Posted to dev@samza.apache.org by Nick Quinn <nq...@objectivity.com> on 2016/08/03 18:04:16 UTC

Kafka Streams

There has been a lot of talk around town about Confluent's new stream processing engine, Kafka Streams. We are currently using Samza and I want to get some feedback for myself and other developers on this group list about the differences and possible advantages to using Samza when compared to Kafka Streams. I would appreciate any and all feedback.

Thanks!
Nick Quinn

Re: Kafka Streams

Posted by Yi Pan <ni...@gmail.com>.

Hi, Nick,

IMHO, there are following points that differs Samza from KStreams:

- Stability of local state management. Samza supports durable local state
and host-affinity for faster state recovery. 0.10.1 makes further progress
in host-affinity to allow a) continuous check-pointing of state store; b)
minimum movement of state stores when container number changes.
- Support of non-Kafka sources and destinations. Samza allows non-Kafka
sources and destinations to be added in natively. We already have
Elasticsearch and HDFS producer supported in open source. HDFS consumer is
coming up soon and LinkedIn has successfully integrate Samza w/ Databus,
Kinesis, and DynamoDB Streams internally.
- Unification w/ batch jobs. We are actively working on Samza on HDFS
project in LinkedIn and have successfully done some proto-typing test that
allows running a long-running Samza job on secured Hadoop cluster.
Development of HDFSSystemConsumer is underway. The goal is to have the
*same* Samza job running in both batch and stream world, simply by
switching the data sources/destinations.
- Async I/O model. We have built in async processing model as an option in
Samza, which will significantly improve the performance of jobs
bottlenecked on remote I/O. It is in the open source trunk and will be part
of 0.11 release. As far as we know, no other stream processing platform
supports the async processing model natively yet.
- Operational support for run-as-a-service. Samza has a long operation
history in LinkedIn and we run it as a hosted service. To better support
auto-service and multi-tenant, we have recently added Samza REST service to
allow admin command via REST calls and disk-quote that governs the disk
usage of jobs in a cluster. Disk quote is in 0.10.1 and REST APIs are
deployed in LinkedIn and in-review in open source (SAMZA-865).
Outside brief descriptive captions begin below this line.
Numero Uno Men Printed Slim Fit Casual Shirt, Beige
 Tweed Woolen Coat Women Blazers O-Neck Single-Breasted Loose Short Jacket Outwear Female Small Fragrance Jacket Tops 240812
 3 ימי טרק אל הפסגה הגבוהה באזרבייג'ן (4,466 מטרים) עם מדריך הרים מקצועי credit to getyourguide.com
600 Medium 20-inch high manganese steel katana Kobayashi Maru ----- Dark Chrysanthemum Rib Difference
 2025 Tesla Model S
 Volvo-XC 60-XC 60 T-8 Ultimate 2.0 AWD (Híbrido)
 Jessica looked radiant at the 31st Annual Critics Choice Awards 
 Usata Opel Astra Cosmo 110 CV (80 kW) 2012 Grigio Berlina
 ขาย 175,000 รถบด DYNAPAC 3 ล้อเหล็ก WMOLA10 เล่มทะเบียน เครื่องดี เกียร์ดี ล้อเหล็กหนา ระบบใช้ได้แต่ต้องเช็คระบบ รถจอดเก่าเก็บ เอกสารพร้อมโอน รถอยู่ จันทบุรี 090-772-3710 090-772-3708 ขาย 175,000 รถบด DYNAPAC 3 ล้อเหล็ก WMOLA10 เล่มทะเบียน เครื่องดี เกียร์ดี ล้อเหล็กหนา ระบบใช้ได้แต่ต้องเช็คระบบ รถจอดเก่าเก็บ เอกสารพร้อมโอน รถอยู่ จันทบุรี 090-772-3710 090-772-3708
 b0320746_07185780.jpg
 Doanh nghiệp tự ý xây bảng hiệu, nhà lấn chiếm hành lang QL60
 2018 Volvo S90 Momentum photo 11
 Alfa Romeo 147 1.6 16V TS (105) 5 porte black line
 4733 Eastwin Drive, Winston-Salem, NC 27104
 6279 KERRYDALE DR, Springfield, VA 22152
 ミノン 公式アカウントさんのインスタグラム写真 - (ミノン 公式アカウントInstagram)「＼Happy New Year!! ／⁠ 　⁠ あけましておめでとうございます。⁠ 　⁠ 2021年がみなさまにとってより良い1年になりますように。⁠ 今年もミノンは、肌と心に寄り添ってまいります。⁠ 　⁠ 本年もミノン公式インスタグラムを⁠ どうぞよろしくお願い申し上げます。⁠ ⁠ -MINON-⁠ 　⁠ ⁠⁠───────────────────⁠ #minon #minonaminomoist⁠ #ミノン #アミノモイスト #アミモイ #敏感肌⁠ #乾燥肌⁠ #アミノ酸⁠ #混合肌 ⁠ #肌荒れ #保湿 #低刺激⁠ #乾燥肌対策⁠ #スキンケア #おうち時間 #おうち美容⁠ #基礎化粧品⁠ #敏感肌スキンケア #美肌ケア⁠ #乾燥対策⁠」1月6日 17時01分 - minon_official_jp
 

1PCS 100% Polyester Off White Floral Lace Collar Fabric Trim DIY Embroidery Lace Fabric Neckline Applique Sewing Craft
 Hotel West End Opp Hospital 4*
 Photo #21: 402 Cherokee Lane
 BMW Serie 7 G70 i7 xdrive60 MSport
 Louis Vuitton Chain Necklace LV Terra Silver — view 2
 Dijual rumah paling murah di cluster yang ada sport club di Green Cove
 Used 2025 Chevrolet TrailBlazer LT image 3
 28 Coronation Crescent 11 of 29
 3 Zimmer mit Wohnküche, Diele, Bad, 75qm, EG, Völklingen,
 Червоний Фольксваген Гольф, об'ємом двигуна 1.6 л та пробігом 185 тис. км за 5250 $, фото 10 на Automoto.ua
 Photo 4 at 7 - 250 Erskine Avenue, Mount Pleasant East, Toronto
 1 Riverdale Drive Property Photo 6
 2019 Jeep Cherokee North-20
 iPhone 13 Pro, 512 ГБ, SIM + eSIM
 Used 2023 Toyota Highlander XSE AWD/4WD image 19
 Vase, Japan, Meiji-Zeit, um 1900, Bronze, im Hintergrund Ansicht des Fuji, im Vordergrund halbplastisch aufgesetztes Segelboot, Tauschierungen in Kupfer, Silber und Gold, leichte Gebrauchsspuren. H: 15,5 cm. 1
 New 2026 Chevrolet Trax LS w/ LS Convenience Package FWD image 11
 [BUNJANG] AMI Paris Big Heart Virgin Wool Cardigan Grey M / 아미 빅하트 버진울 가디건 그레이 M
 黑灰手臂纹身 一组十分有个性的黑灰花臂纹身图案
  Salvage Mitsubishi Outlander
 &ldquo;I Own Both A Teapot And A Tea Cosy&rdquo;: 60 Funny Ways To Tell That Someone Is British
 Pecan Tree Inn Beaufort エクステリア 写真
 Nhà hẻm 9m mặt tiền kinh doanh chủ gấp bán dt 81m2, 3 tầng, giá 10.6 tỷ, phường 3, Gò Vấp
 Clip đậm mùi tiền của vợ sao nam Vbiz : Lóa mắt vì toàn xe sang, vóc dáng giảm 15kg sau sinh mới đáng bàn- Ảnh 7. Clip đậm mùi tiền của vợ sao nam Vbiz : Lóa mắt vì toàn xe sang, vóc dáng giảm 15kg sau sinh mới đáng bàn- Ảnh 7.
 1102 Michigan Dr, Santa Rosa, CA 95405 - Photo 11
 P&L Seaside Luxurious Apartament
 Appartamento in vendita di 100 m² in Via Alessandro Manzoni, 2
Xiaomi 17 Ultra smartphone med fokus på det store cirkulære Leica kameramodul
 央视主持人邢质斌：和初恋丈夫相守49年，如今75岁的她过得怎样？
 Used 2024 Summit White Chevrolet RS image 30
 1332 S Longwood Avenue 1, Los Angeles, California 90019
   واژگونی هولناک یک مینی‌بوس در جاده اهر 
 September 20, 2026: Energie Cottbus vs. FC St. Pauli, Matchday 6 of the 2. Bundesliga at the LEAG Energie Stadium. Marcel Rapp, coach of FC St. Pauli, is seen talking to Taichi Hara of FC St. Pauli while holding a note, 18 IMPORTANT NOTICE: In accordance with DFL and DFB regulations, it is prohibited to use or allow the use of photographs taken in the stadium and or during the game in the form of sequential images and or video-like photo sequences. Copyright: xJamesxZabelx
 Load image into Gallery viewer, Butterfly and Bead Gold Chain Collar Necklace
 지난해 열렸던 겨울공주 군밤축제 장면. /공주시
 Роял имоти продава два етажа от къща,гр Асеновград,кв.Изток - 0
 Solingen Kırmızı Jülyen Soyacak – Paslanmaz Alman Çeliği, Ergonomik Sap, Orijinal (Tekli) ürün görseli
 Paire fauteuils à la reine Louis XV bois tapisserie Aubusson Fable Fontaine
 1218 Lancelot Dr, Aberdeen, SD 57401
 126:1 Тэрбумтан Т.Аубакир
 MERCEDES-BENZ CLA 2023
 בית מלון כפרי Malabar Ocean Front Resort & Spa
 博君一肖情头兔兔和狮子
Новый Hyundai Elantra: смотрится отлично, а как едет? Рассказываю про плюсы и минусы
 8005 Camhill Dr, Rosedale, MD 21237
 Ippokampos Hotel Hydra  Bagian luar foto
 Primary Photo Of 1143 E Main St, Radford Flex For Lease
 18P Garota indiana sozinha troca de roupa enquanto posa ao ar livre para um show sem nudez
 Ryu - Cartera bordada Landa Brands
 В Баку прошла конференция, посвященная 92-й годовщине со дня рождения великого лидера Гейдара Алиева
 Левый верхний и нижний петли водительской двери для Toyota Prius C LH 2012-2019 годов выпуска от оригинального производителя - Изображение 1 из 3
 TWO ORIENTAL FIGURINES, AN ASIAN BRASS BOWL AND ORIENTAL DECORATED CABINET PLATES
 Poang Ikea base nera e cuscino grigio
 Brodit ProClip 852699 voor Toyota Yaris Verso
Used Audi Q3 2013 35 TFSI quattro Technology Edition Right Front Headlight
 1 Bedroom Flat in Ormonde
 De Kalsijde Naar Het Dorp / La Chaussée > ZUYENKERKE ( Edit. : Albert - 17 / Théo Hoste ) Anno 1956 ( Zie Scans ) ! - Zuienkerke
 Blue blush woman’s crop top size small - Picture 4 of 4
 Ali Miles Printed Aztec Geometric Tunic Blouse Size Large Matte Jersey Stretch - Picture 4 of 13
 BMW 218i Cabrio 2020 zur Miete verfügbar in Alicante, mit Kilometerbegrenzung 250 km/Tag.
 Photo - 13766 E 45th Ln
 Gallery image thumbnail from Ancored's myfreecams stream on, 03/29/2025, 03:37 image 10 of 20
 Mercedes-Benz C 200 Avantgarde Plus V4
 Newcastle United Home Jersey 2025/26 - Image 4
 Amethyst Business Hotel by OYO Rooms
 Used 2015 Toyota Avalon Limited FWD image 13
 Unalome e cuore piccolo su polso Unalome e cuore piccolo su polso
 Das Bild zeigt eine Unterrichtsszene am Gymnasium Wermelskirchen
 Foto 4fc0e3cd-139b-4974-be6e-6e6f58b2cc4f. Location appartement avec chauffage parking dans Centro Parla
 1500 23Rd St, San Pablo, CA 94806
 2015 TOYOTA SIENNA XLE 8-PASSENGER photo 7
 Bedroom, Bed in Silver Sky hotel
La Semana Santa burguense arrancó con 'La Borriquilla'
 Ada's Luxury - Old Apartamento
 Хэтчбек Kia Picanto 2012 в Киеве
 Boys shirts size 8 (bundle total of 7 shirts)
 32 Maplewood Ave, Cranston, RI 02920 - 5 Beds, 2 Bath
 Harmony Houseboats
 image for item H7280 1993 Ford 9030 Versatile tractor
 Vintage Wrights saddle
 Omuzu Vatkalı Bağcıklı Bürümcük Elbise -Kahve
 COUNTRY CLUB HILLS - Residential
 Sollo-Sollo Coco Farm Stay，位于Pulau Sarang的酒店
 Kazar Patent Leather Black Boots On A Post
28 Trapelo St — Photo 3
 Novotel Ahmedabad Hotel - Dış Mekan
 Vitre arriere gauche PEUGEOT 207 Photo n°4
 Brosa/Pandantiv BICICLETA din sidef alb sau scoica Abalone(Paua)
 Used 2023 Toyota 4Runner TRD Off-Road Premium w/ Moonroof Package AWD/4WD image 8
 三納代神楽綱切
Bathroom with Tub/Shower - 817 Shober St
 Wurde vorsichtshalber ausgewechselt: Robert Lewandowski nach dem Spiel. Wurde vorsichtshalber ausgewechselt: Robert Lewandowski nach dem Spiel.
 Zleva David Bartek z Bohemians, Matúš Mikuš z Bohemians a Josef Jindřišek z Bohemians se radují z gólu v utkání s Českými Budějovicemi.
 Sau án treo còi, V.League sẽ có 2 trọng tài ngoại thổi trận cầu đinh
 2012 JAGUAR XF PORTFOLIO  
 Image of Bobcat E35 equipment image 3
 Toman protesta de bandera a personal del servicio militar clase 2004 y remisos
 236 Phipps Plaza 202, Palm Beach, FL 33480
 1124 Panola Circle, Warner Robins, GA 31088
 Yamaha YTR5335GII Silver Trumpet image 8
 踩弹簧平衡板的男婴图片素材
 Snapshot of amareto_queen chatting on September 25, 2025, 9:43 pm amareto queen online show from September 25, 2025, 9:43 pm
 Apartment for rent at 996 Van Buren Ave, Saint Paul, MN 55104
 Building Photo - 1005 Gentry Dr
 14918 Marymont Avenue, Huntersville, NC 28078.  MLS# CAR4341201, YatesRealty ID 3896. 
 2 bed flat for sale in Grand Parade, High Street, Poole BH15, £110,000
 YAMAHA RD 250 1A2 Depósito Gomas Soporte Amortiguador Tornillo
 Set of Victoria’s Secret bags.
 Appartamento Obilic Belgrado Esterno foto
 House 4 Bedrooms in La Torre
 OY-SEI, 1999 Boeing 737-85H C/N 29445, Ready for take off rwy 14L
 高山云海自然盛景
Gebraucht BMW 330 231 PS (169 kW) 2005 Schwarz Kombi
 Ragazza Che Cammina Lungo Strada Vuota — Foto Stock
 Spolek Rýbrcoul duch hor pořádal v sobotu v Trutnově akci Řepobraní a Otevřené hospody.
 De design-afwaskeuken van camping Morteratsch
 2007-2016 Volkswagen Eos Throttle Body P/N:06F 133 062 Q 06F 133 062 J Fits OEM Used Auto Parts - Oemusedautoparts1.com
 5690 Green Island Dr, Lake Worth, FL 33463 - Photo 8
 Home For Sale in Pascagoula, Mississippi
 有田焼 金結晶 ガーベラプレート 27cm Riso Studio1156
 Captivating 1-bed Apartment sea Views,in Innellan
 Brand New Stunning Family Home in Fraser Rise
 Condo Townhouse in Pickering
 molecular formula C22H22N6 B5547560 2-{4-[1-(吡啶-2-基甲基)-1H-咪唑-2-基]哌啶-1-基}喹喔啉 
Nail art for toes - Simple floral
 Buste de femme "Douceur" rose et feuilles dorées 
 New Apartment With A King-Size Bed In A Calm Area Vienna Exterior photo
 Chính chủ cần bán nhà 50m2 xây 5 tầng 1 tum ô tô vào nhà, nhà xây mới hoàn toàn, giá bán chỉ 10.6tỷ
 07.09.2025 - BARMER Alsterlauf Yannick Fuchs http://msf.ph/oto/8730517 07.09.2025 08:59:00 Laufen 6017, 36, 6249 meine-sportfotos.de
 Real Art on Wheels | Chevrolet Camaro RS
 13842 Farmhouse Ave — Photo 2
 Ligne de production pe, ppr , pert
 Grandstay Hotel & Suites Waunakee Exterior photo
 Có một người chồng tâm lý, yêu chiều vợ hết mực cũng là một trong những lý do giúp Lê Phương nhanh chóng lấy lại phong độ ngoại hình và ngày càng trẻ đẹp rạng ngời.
Please see Kartik's response to the exact same question in May for some of
the points above as well:
http://mail-archives.apache.org/mod_mbox/samza-dev/201605.mbox/%3CCACsAj_XZZBohSz7Cf9%3DLO5MDOn2vEzfMrDF6Te%3DwrpeMEab1dQ%40mail.gmail.com%3E

Hope that helps. Regards!

-Yi

On Wed, Aug 3, 2016 at 11:04 AM, Nick Quinn <nq...@objectivity.com> wrote:

> There has been a lot of talk around town about Confluent's new stream
> processing engine, Kafka Streams. We are currently using Samza and I want
> to get some feedback for myself and other developers on this group list
> about the differences and possible advantages to using Samza when compared
> to Kafka Streams. I would appreciate any and all feedback.
>
> Thanks!
> Nick Quinn
>